Brazil’s struggling leftist government was fighting on two fronts yesterday as impeachment proceedings threaten Brazilian President Dilma Rousseff and legal battles harry her predecessor, Luiz Inacio Lula da Silva.
Rousseff’s presidency appears to be in peril as she fights impeachment, protests, recession and scandal, and her decision to call Lula to the rescue backfired last week when a judge blocked his nomination as chief of staff over pending corruption charges.
As Brazilian Congress held a new session yesterday, impeachment proceedings launched last week in the lower house appear to be gaining momentum: A poll released on Saturday found 68 percent of Brazilians now favor impeaching Rousseff — up 8 percentage points from last month.
A separate poll on Sunday found the congressional impeachment committee weighing the accusations against Rousseff is almost evenly split: Thirty-two members favor impeachment, 31 are against and two are undecided.
Taking the lower house as a whole, 62 percent of lawmakers think Rousseff would be removed from office — about triple the poll last month.
Rousseff is accused of manipulating the government’s accounts in 2014 to boost public spending during her re-election campaign and again last year to hide the depth of the recession.
A vote by two-thirds of the 513 lawmakers in the lower house and half the 81 senators would trigger an impeachment trial in the Brazilian Senate.
In that event, Rousseff would be suspended from her duties for up to 180 days.
A two-thirds vote would remove her from office.
Lula is meanwhile fighting for his blocked Cabinet post and the ministerial immunity that comes with it.
His lawyers appealed to the Brazilian Supreme Court on Sunday to annul a ruling by one of its own judges suspending his appointment.

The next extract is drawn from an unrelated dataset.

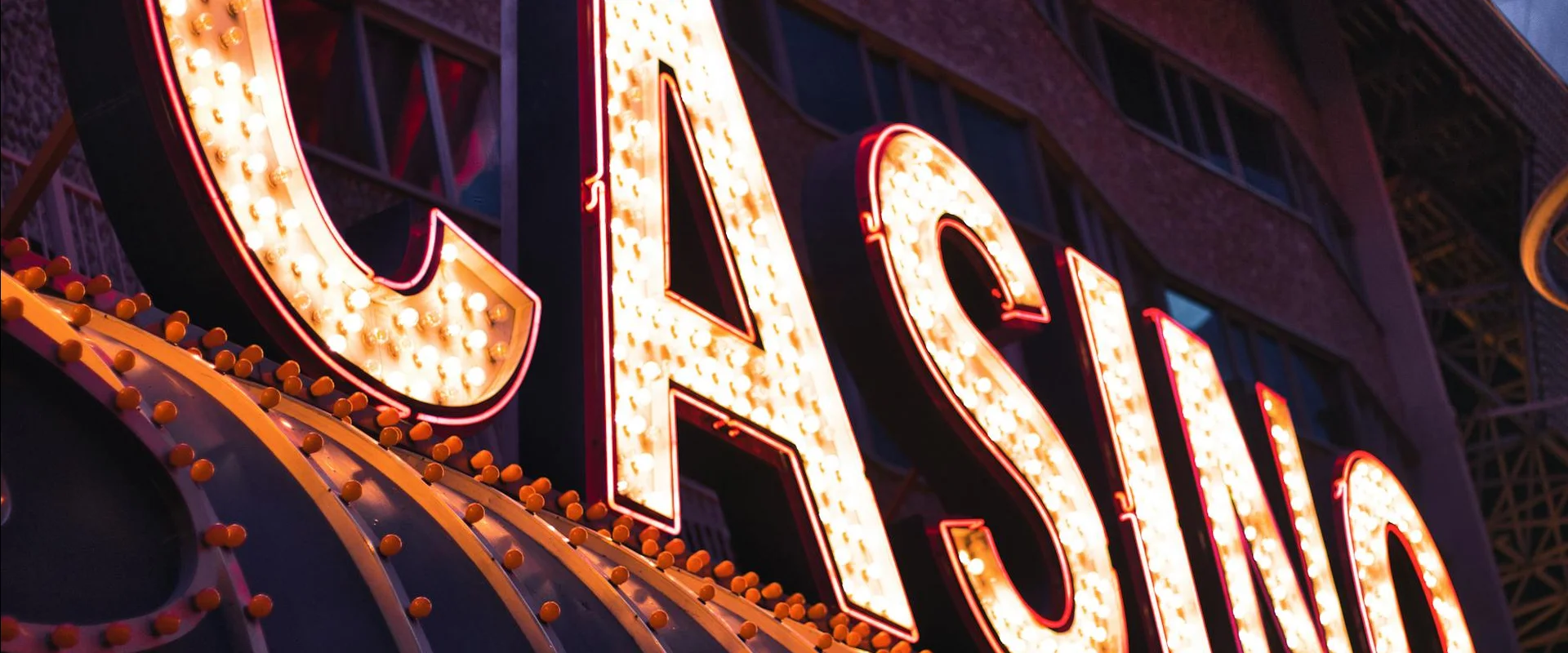 彩票平台PG电子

His foundation, the Lula Institute, lashed out at what it called a “series of arbitrary actions” by the judiciary since Lula came under suspicion in the investigation into a US multibillion-dollar corruption scheme centered on state oil company Petrobras.
Lula, who presided over a booming Brazil from 2003 to 2011, has been charged with money laundering over a luxury apartment and a country home he is suspected of receiving as bribes from companies implicated in the scandal.
Until the Supreme Court reaches a final ruling on Lula’s appointment, he risks being placed in preventive detention by the crusading anti-corruption judge leading the Petrobras investigation, Sergio Moro.
The court is not due to reconvene until March 30.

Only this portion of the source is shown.